I haven’t been wearing a face mask when I go to Mass, the Adoration chapel or Walmart. But I do carry one in my pocket when I go out, just in case the rules have changed. Again.

Most folks I’ve been seeing stopped wearing face masks when pandemic-related restrictions eased up. If I see someone with a face mask in Walmart, the odds are that the person works there.

As a rule, non-employee mask wearers seem to be young, old, somewhere between, and either men or women.

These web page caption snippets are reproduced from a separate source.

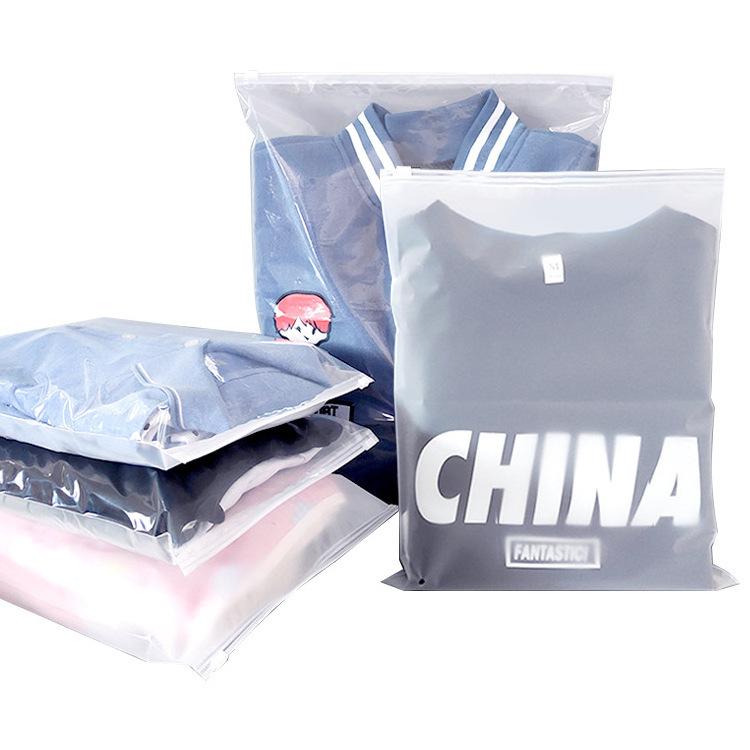 Wholesale custom zip lock plastic bags with logo clothing packaging PE bags printed tshirt plastic poly pouch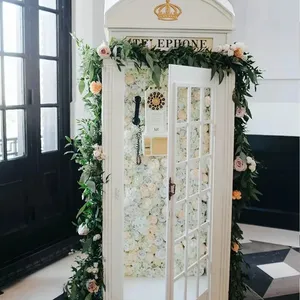 London Customized Metal Public Telephone Photo Booth Wedding Flower Photography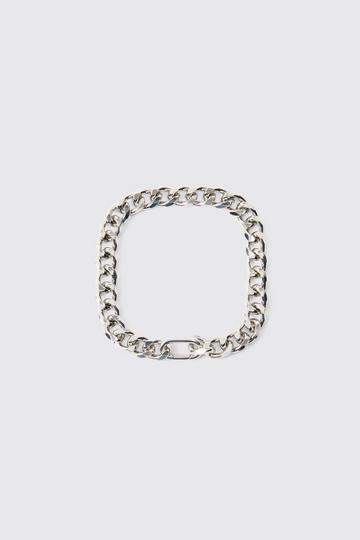 Chunky Clasp Detail Metal Bracelet In Silver silver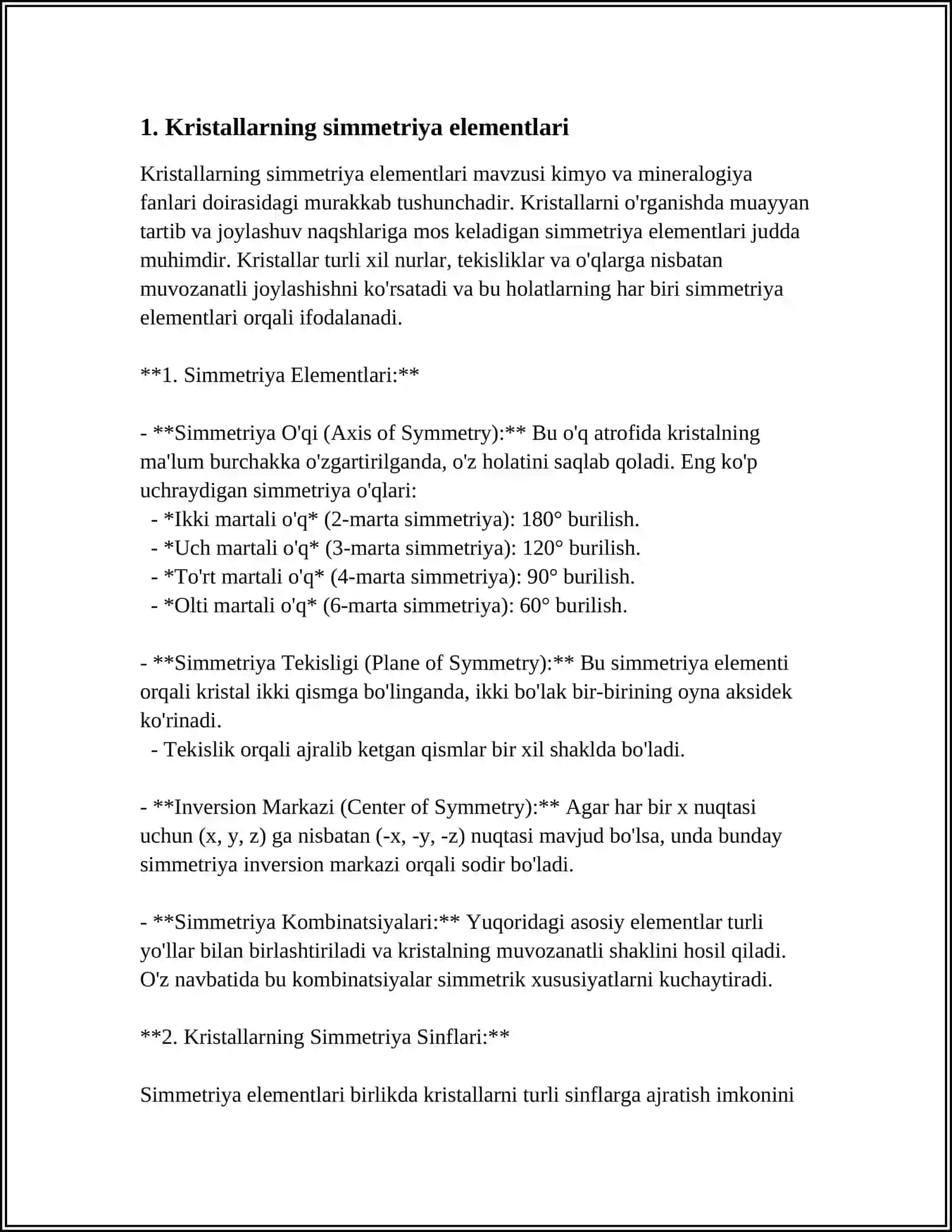 STRUKTURAVIY ANALIZNING BOSQICHLARI.KRISTALLARNING STRUKTURASI 4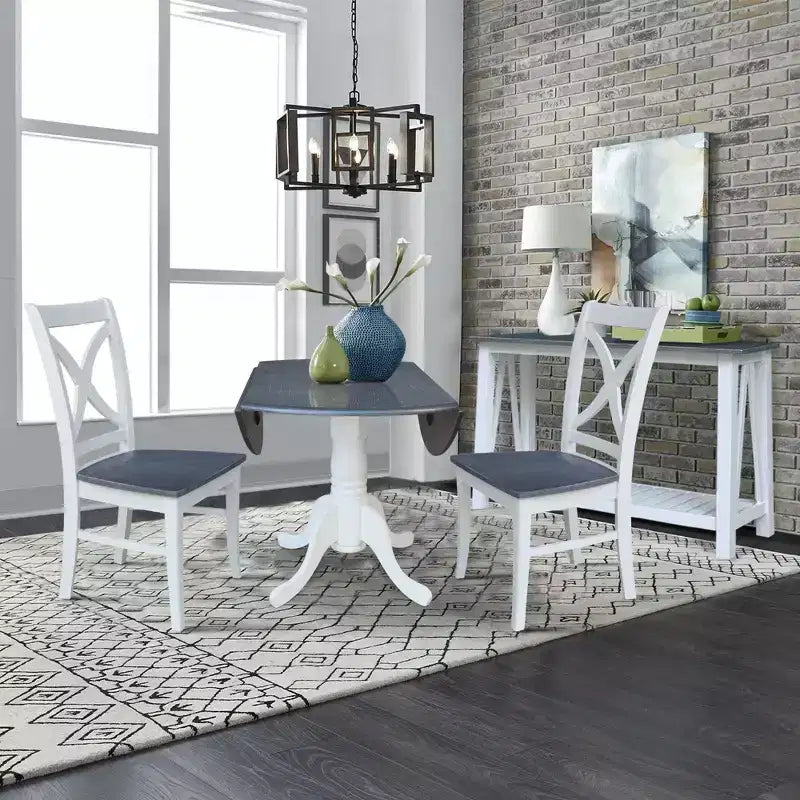 42" Lillith Dual Drop Leaf Dining Table with 2 X-Back Chairs White/Heather Gray - International Concepts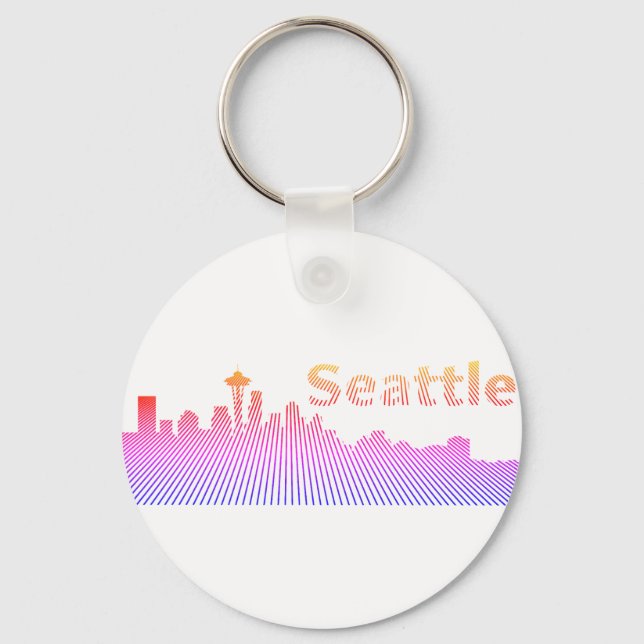 Seattle Skyline-grafik Nyckelring (Framsida)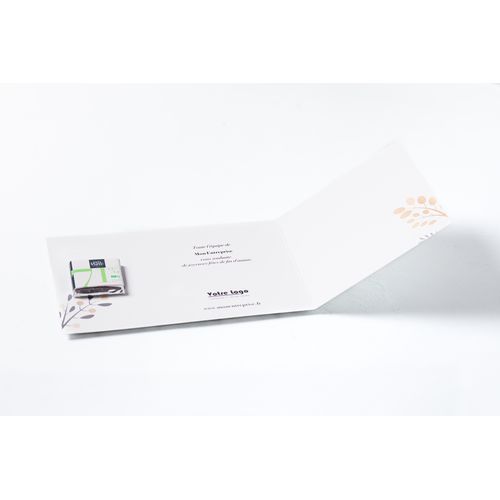 Carte de vœux personnalisée 1 carré 4g chocolat noir 71% Bio* avec bague personnalisée thumbnail 9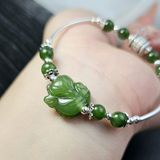  Vòng Tay Hồ Ly Ngọc Bích Mix Charm Bạc 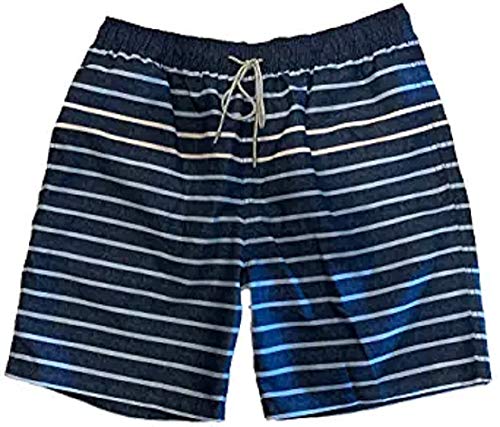 Kirkland Signature Men's Elastic Waistband Mesh Lined Swim Short Trunk (Blue Varsity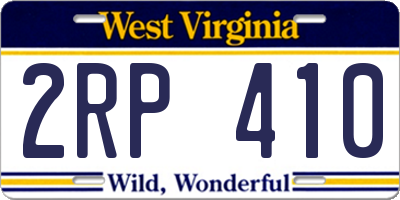 WV license plate 2RP410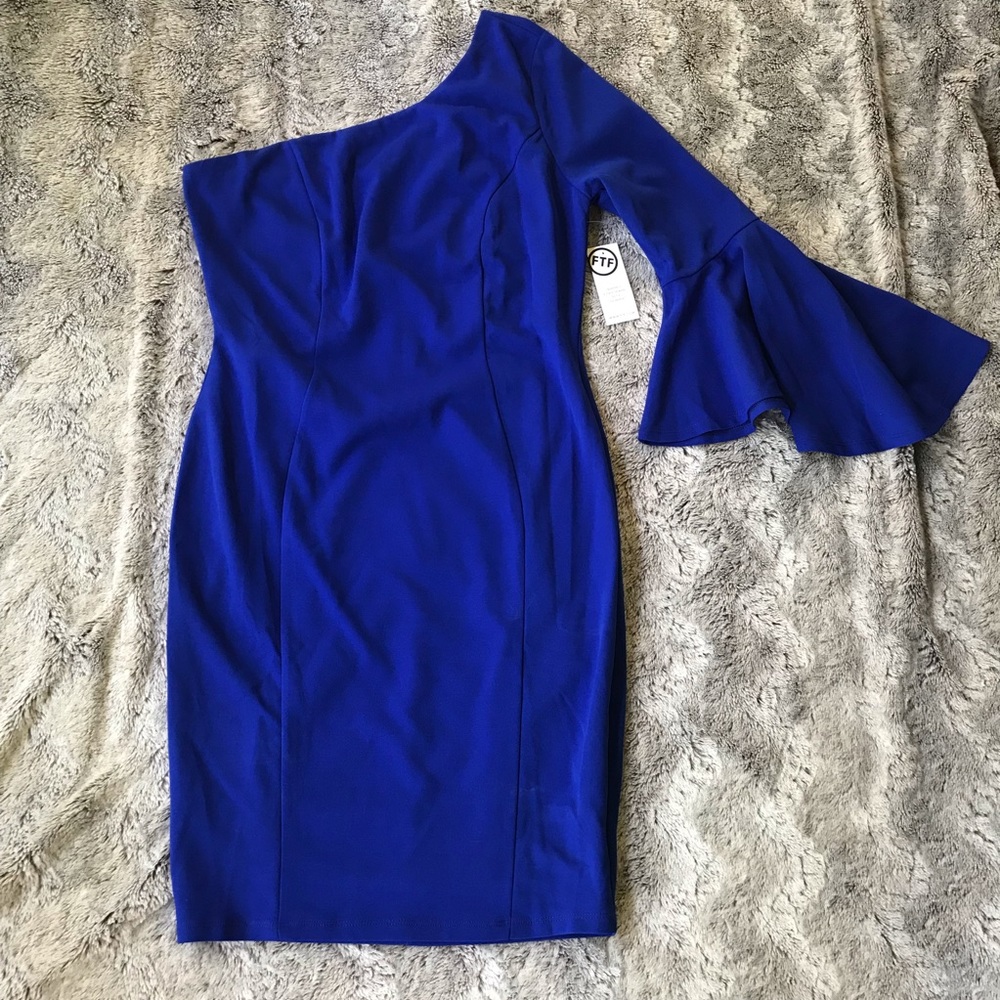 Blue one sleeve pencil dress, plus size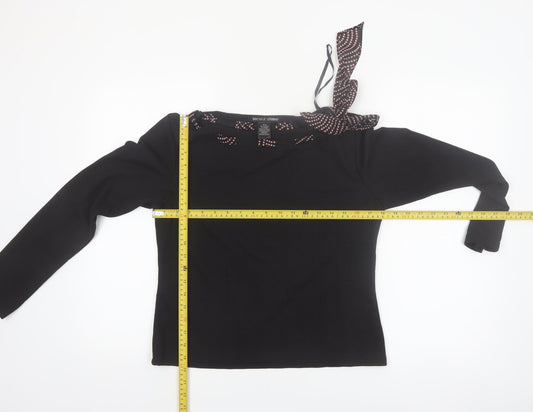 Nicole Studio Women's Black Long Sleeve Bow Detail Blouse Size 10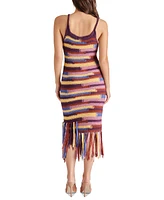 Steve Madden Women's Raya Striped Crochet Fringe-Hem Dress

I figure it depends on the individual’s general health and willingness to put up with slightly-used air. And maybe willingness to believe that face masks make sense.

Since I’d only had my first COVID-19 shot, I should probably have kept my mask on — in an abundance of caution, and assuming that somehow I’d become infected. But I haven’t. Kept wearing a face mask, that is. Because I figured that’d be an overabundance of caution.

Except when I went to the clinic or hospital, where the rules say I wear a mask. Which makes sense, because folks who aren’t particularly healthy are more likely to be near me. So I figure, since there’s a very remote chance that I’m infectious, extra caution is a good idea.

If Wishes Were Horses….

Political cartoons. (1896, 1912)

I’d have preferred that the Minnesota Department of Health, CDC and all had been giving completely consistent advice during this pandemic.

And had known exactly how the COVID-19 virus spreads. Since day one.

Certain foreknowledge of COVID-19 vaccine development would have been nice, too.

Along with — you know, while I’m at it, I might as well wish that the COVID-19 coronavirus had never existed.

And I’d be a very happy camper indeed, if politicos stopped acting like politicos and started acting as if our health and lives mattered more than their pet projects, preferences and Washington party life.

But it’s not all bad news from inside the beltway.

I’ve been seeing hints in headlines that my country’s big shots feel like reviewing how the COVID-19 coronavirus started and has been spreading. Maybe they’ll even decide to pay attention to what scientists think. And that’s quite enough snark from me today.

Another ‘up’ side is that a significant fraction of decision-makers may have been using available data, and trying balance our need to keep folks healthy with our need to keep folks employed. And thereby fed.

I can hope so, at any rate.

Reasonably, I suspect, since the mess we’re in could be worse.

Good News, another ‘Up’ Side and Intermittent Frustration

My methylphenidate prescription, with one day left. (June 10, 2021)

More good news.

This month’s authorization for my methylphenidate prescription didn’t disappear into digital limbo. And I was allowed to pick the meds up on Thursday. With one whole day left in the previous month’s bottle.

That’s really good news. I’ve learned that going on half-dose can stretch my supply until a bureaucratic SNAFU gets untangled, or at least make withdrawal less unpleasant.

The issue in play is that methylphenidate is a controlled substance. My body became dependent on the stimulant soon after I began taking it. Which is what I expected.

What I hadn’t expected was that getting monthly authorizations to keep using my brain would be so intermittently frustrating.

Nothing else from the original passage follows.